EXERCISE BRIEF - Find the line containing "PURÉ DE TOMATE" in the listing below; reproduce it and every line after, exactly. Skip pictures.

* * * *

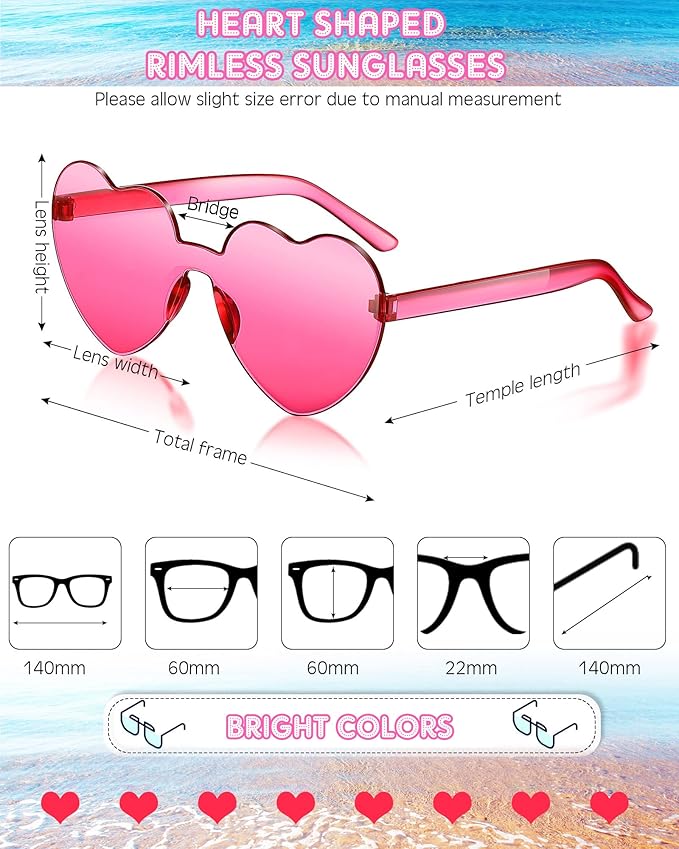 Frienda 8 Pairs Heart Shaped Sunglasses for Women Rimless Heart Glasses Candy Color Sunglasses for Party Favor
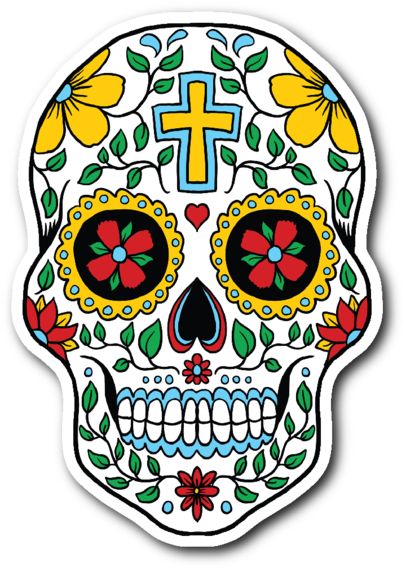 Sugar Skull 3" X 4" Die Cut Vinyl Sticker Clipart (600x600), Png Download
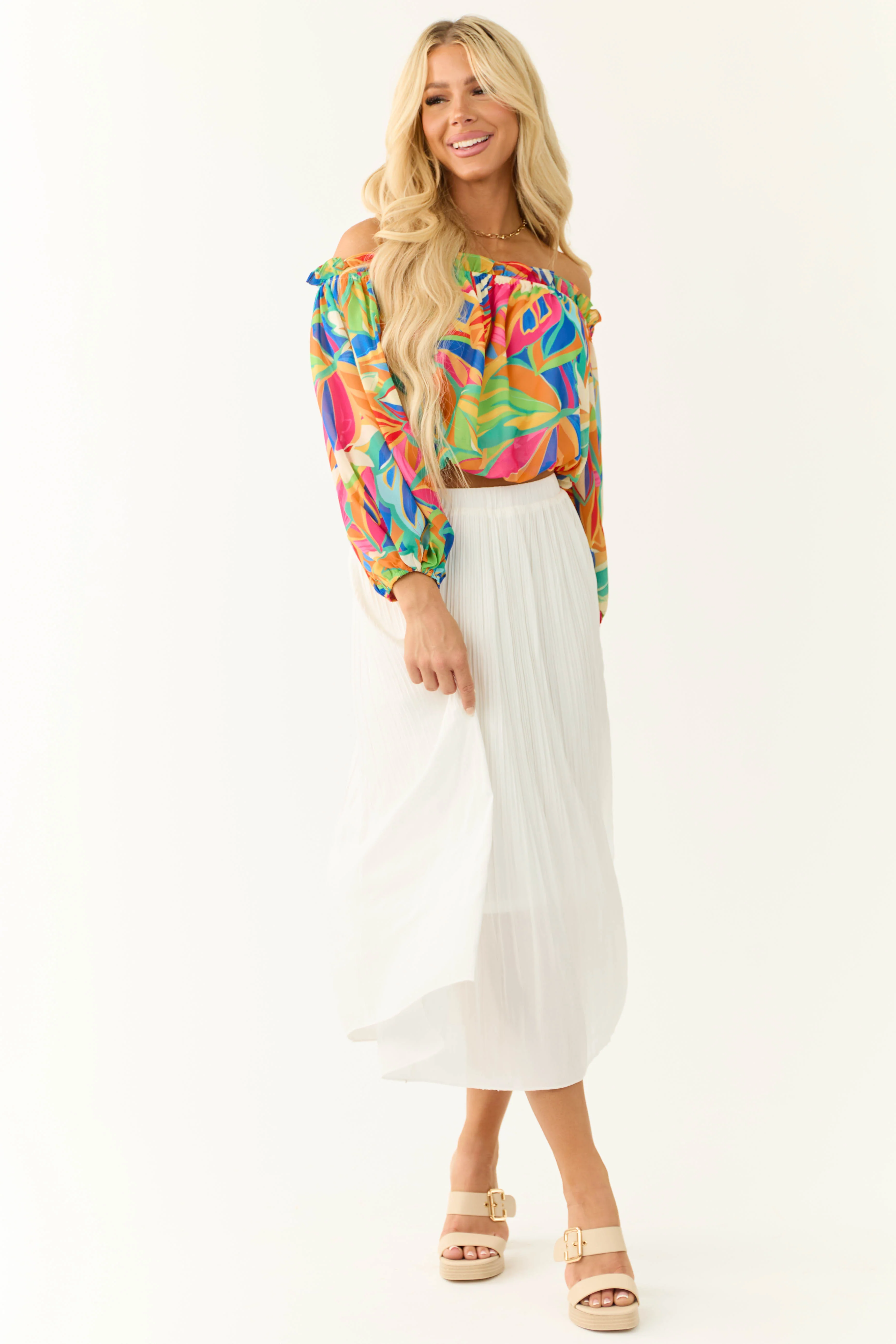 Flying Tomato Tangerine Abstract Print Top - LD SALE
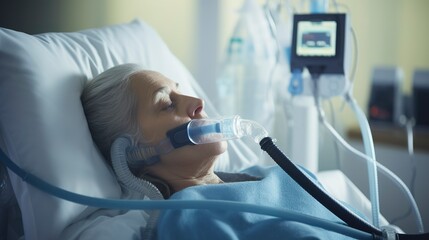 Fototapeta premium A photo of a tele-respiratory therapy session.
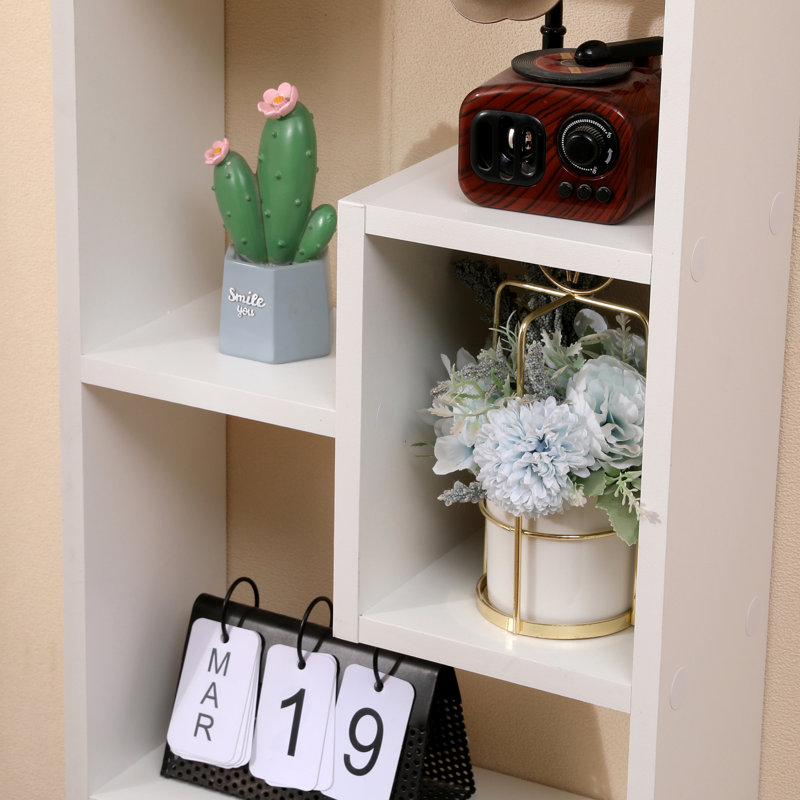 Bookshelf, Freestanding Wood Open Bookcase with 5 Cubes, with 2 keyhole hangers, Office Décor Rectangular Storage Shelf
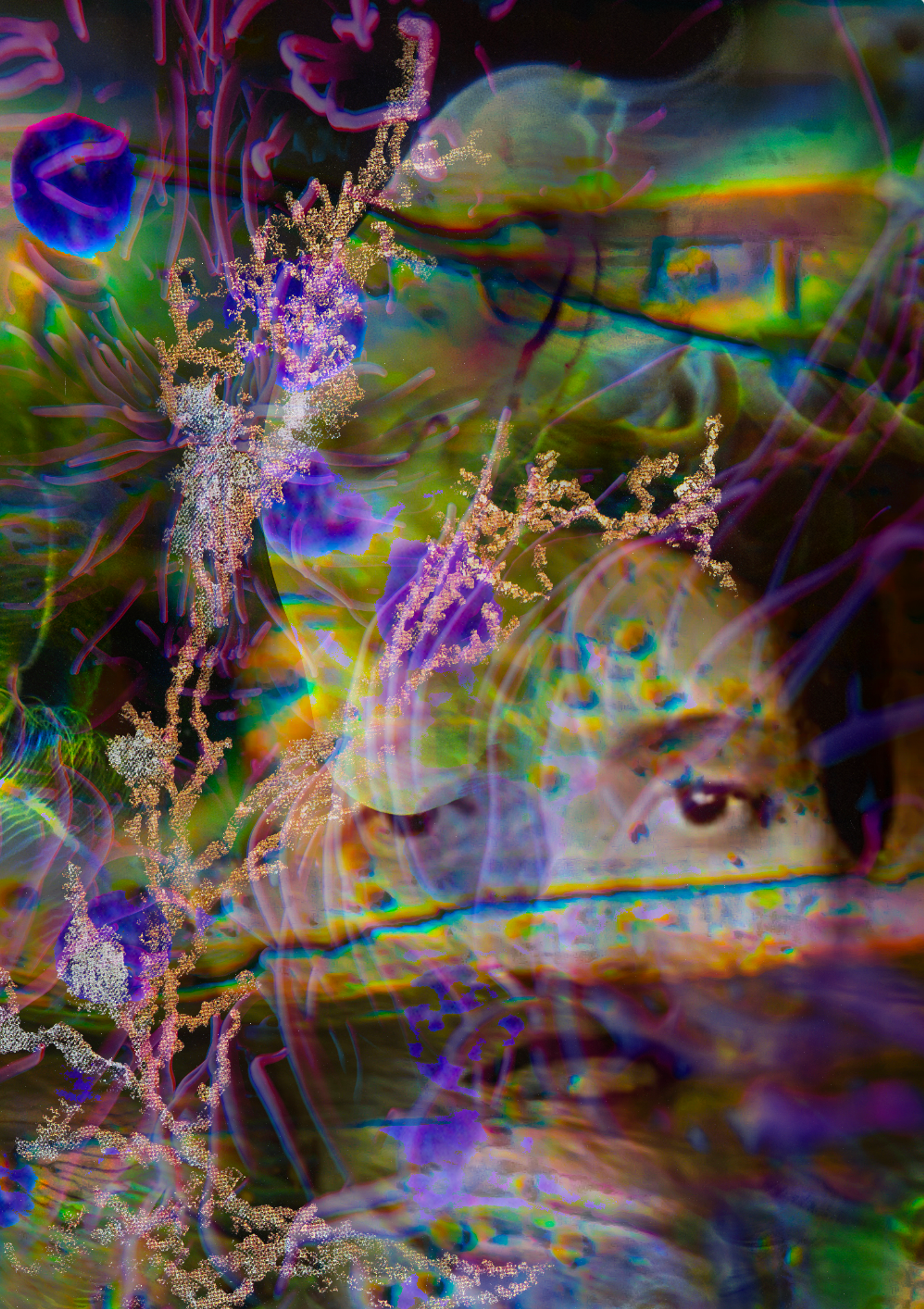 MOLECULAR GENEALOGIES, 2023, photomontage 3D, ADAGP, Paris, 2023 © Josèfa Ntjam, NiCOLETTi, London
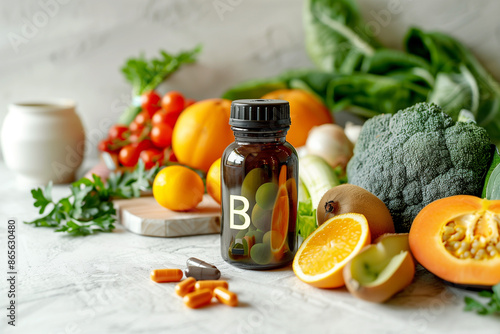 Fototapeta Naklejka Na Ścianę i Meble -  Vitamin B supplement bottle with fresh fruits and vegetables on a white table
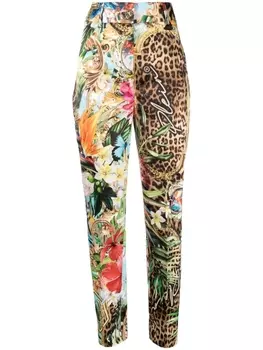 Philipp Plein брюки Baroque Flowers с завышенной талией, синий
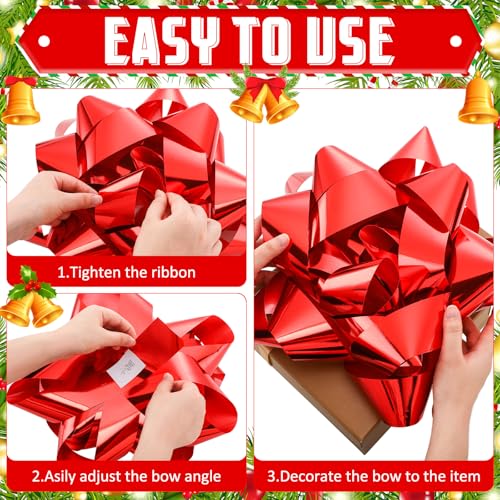 Finecheer MAO-FINECHEER-0498 Big Car Bow 16 Inch Giant Gift Bow Large Gift Bow Pre-Assembled Giant Red Bow Huge Car Bow Large Christmas Bows Decorative Bows thumb #2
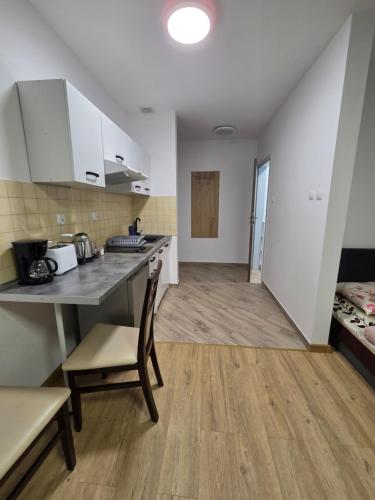 Kuchyň nebo kuchyňský kout v ubytování Apartamenty Zachodnia Przystań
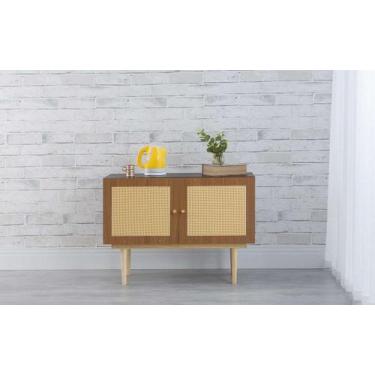 Imagem de Balcão Buffet Pés Palito Madeira Pequeno 2 Portas Mdf E Palhinha Estil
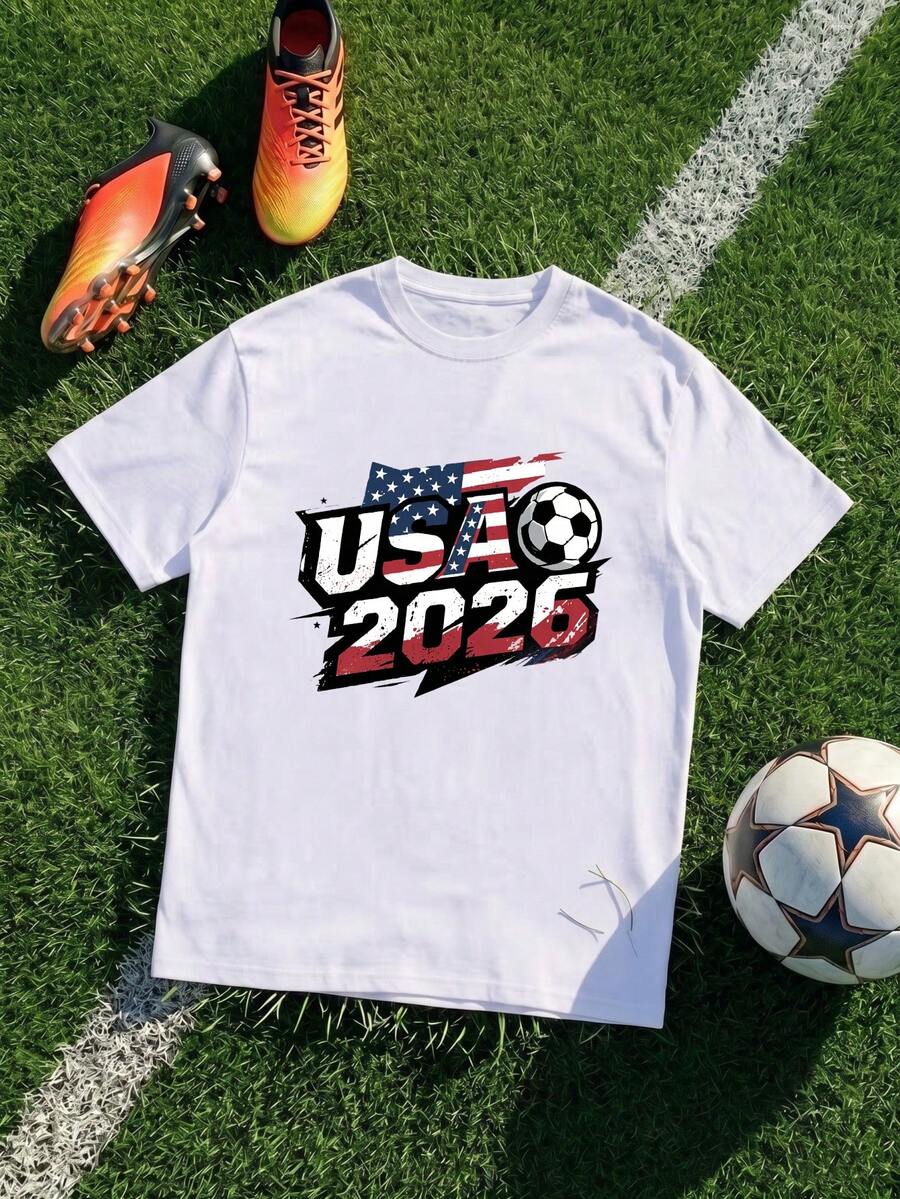 Mens USA Mexico Canada 2026 National Team Soccer Number 10 One Nation One Team Graphic Print T-Shirt Fan Blokecore Streetwear Casual Shortsleeve Shirt - 白色2 - 查看 1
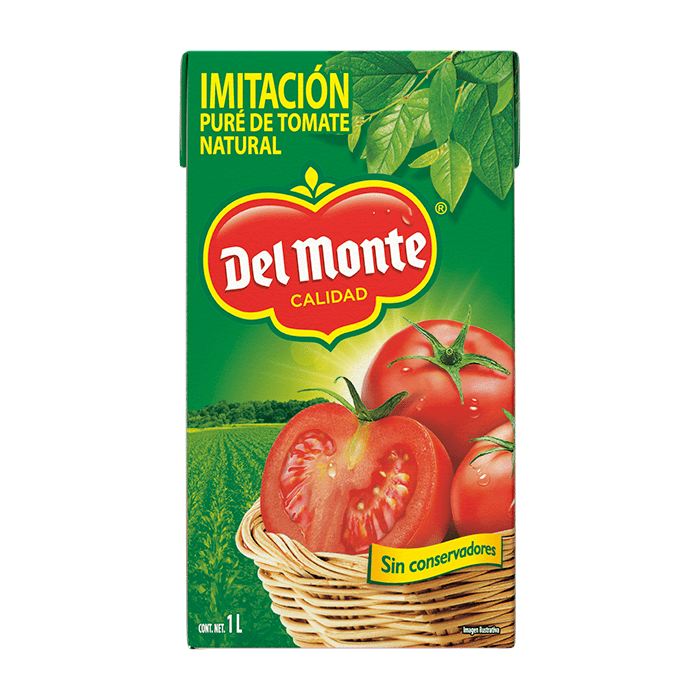 PURÉ DE TOMATE NATURAL DEL MONTE TETRA 1  LT.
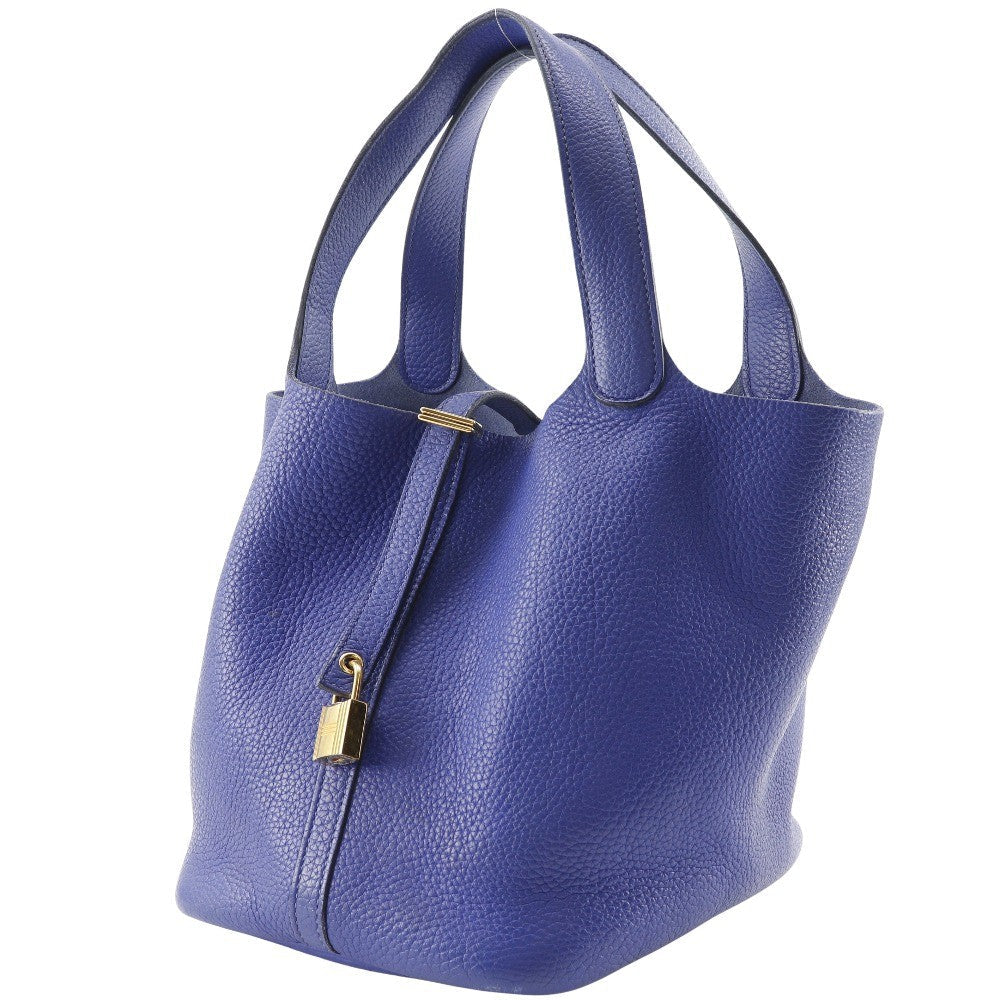 Hermes Picotin Lock Bag Clemence Blue Leather Handbag (Authentic  )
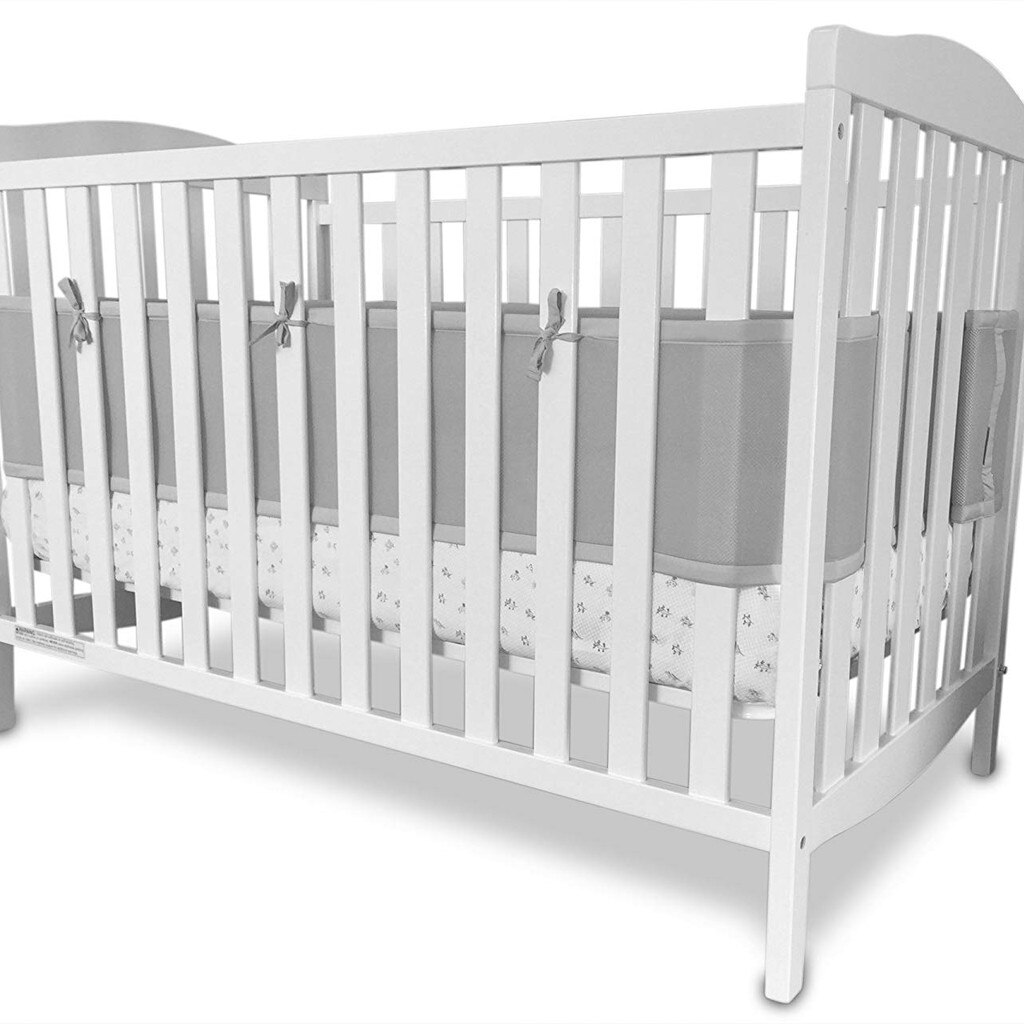 Breathable Crib Bumper Grey Mesh Crib Bumper for Full-Size Crib Breathable Mesh Cama Infantil Bedbumper Kids Bed Crib Bumper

* * * *

ANSWER TO THE PROBLEM -
 PURÉ DE TOMATE NATURAL DEL MONTE TETRA 1  LT.
 Hermes Picotin Lock Bag Clemence Blue Leather Handbag (Authentic  )
 Breathable Crib Bumper Grey Mesh Crib Bumper for Full-Size Crib Breathable Mesh Cama Infantil Bedbumper Kids Bed Crib Bumper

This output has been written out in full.